The I-130 final-stage median rose 24 days in a single week, from 68 days in Week 17 to 92 days in Week 18, triggering an outlier flag at z=3.56 against the prior 4-week trailing mean. At the same time, the weekly sample fell to 1,669 approved cases, well below the 3,854 to 4,701 range seen in the previous four weeks. That sample compression is the primary mechanical driver: when fewer cases clear in a given week, the mix is less representative and medians can swing widely. The 8-week pattern is labeled noisy_stable (slope: -0.8 days per week, R² = 0.04), and the 12-week range runs from 68 to 156 days, placing this week's 92-day reading in the middle of observed territory.
- The I-130 final-stage median rose 24 days (+35.1%) week over week, from 68 to 92 days, the largest single-week move in the trailing 12-week window.
- The outlier flag fired at z=3.56 against the prior 4-week trailing mean, while the weekly sample dropped to 1,669 cases, well below the prior 4-week average of roughly 4,200.
- IOE (electronic filing) accounted for 1,656 of 1,669 approvals (99.2%) at a median of 91 days; SRC posted 153 days across only 15 cases, a small-sample reading that should be read with caution.
- RFE (Request for Evidence) cases cleared with a median of 37 days versus 83 days for non-RFE cases, an anomaly tied to batch clearing, not to RFEs accelerating overall case timelines.
- The total active backlog across tracked filing-month groups stood at 109,210 cases as of May 10, up 7,097 (+7.0%) over six days, while monthly approval counts have declined from 19,623 in May 2025 to 2,859 in December 2025.
A 24-day jump that needs context
The I-130 median (the 50th percentile, or midpoint, of the final-stage wait from last reported status to approval) rose from 68 days in Week 17 to 92 days in Week 18, a +24-day, +35.1% one-week move.
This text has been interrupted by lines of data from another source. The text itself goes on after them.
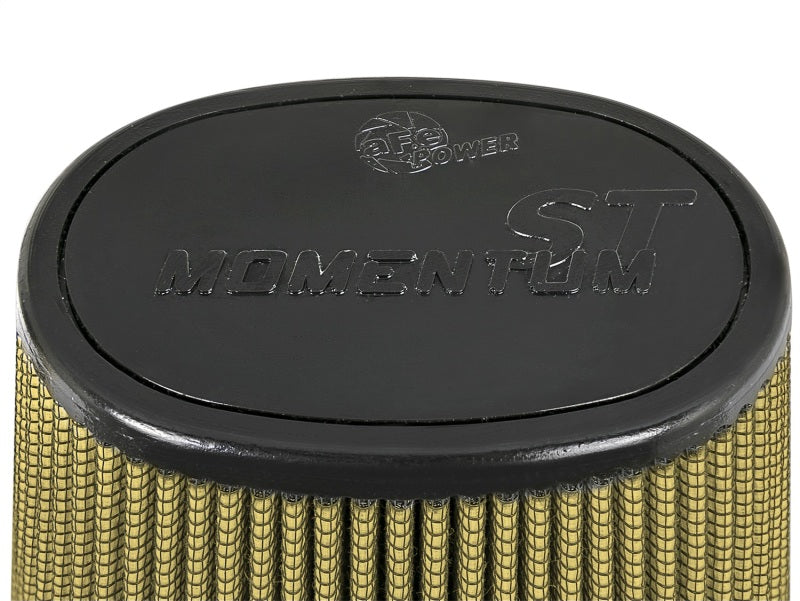aFe Air Filter - Magnum FLOW Pro GUARD 7, Universal 72-90101 Photo - Unmounted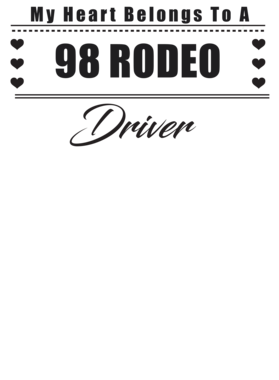 https://s3.us-west-1.wasabisys.com/ecart-content/cargeektees.com/overlays/227/631/22763115.png img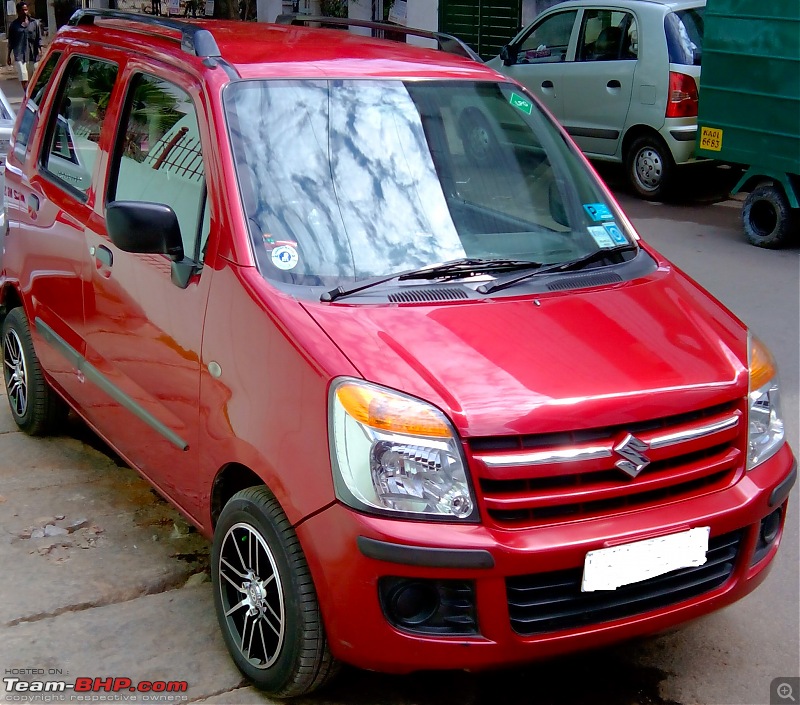 Auto Lighting thread : Post all queries about automobile lighting here-l2.jpg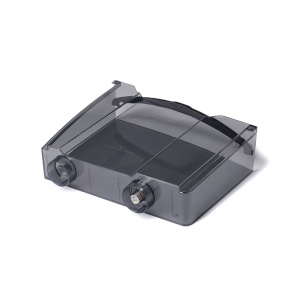 картинка Емкость для воды кофемашины в Сервисном центре «Близнецов»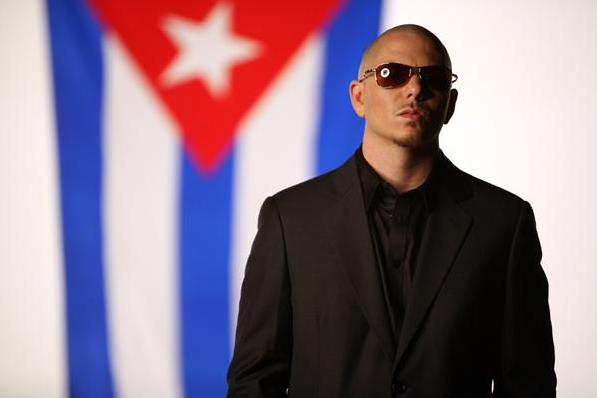 http://img0.liveinternet.ru/images/attach/c/1/49/6/49006744_pitbull_32683.jpg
The outlier_week_high anomaly flag fired at z=3.56, computed against the prior 4-week trailing mean, which is roughly 1.5 standard deviations above the 2.0 threshold that triggers the flag. The weekly sample fell to 1,669 approved cases, compared with 3,854 to 4,701 in Weeks 13 through 17. That sample compression is the primary mechanical driver: when fewer cases clear in a given week, the mix of which cases happen to reach approval is less representative of the broader pipeline, producing wider swings in the median.
The trailing 8-week pattern is labeled noisy_stable: the slope is -0.8 days per week, and the R² of 0.04 means the regression line explains almost none of the week-to-week variation. The 12-week range runs from 68 to 156 days, so 92 days sits in the middle of observed territory. Recent weeks (W13 through W17) clustered between 68 and 80 days, making the current reading look large by comparison, but the broader 12-week window, including the 156-day reading in W07, provides the more complete frame. This week's 92-day reading is a 3.56-sigma outlier tied to a low-volume week, consistent with measurement noise rather than a policy shift. The 8-week trend remains flat, and the median will likely settle as approval volume normalizes.
Where the gap lives: IOE at 91 days, SRC at 153
The uneven_centers anomaly fired at a value of 65.03 this week. IOE, the electronic-filing pathway, accounts for 1,656 of 1,669 approvals (99.2% of this week's sample) at a median of 91 days. The National Benefits Center (MSC) shows 13 cases at 120 days, and SRC shows 15 cases at 153 days. Because SRC and MSC each carry fewer than 50 cases, their medians are highly volatile and should not be treated as reliable estimates of those centers' throughput. The center spread is technically anomalous but aligns with the small-n noise at SRC and MSC rather than a meaningful divergence in operational pace; the case mix differs across centers as well, which makes direct comparison structurally limited.
For practical purposes, nearly all I-130 approvals this week flowed through IOE, meaning the 91-day IOE median is the operative this-week figure for most readers. Those with IOE receipt numbers can treat 91 days as the week's central estimate for the final-stage wait. Readers with SRC or MSC receipts should note the small sample sizes (15 and 13 cases, respectively) and avoid drawing conclusions from the 153- or 120-day figures for those centers.